Crawled caption data
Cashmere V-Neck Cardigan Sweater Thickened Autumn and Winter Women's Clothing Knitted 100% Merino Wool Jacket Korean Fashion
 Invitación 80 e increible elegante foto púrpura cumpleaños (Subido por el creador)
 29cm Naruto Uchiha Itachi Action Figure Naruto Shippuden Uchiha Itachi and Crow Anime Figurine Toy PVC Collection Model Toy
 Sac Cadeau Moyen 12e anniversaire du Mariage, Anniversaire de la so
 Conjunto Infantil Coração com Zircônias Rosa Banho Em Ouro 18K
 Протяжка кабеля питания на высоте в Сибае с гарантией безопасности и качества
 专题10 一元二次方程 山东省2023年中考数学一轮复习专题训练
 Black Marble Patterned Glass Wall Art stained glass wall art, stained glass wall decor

**DIRECTIONS FOR THIS TASK:**
The whole of the data above must be given again, unaltered and complete.

**EXPECTED OUTPUT:**
Cashmere V-Neck Cardigan Sweater Thickened Autumn and Winter Women's Clothing Knitted 100% Merino Wool Jacket Korean Fashion
 Invitación 80 e increible elegante foto púrpura cumpleaños (Subido por el creador)
 29cm Naruto Uchiha Itachi Action Figure Naruto Shippuden Uchiha Itachi and Crow Anime Figurine Toy PVC Collection Model Toy
 Sac Cadeau Moyen 12e anniversaire du Mariage, Anniversaire de la so
 Conjunto Infantil Coração com Zircônias Rosa Banho Em Ouro 18K
 Протяжка кабеля питания на высоте в Сибае с гарантией безопасности и качества
 专题10 一元二次方程 山东省2023年中考数学一轮复习专题训练
 Black Marble Patterned Glass Wall Art stained glass wall art, stained glass wall decor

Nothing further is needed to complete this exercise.